TASK DESCRIPTION:
Pictures stay out. Everything else in the listing below gets written out exactly.

DATA BLOCK:
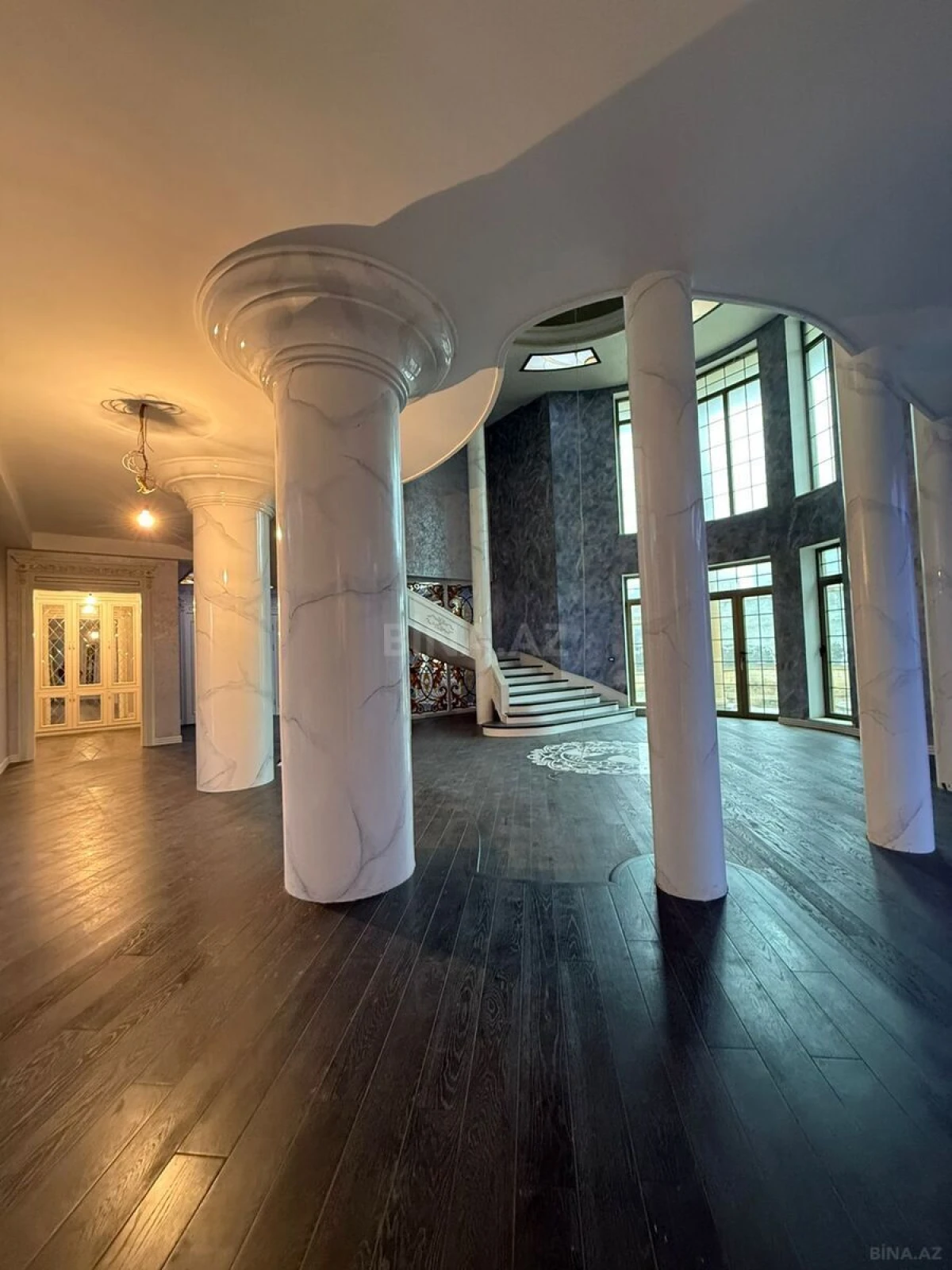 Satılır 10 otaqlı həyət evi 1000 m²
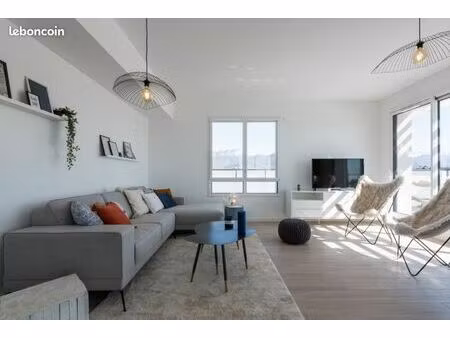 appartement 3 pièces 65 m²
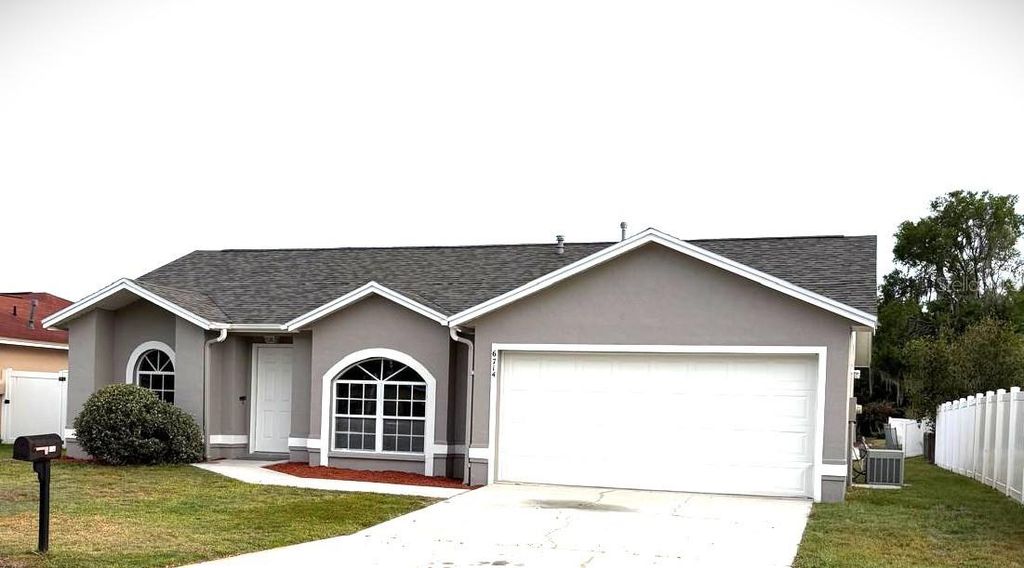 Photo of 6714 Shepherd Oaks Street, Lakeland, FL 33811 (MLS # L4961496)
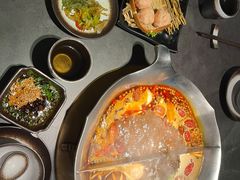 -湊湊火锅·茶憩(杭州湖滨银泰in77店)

FINISHED TASK:
 Satılır 10 otaqlı həyət evi 1000 m²
 appartement 3 pièces 65 m²
 Photo of 6714 Shepherd Oaks Street, Lakeland, FL 33811 (MLS # L4961496)
 -湊湊火锅·茶憩(杭州湖滨银泰in77店)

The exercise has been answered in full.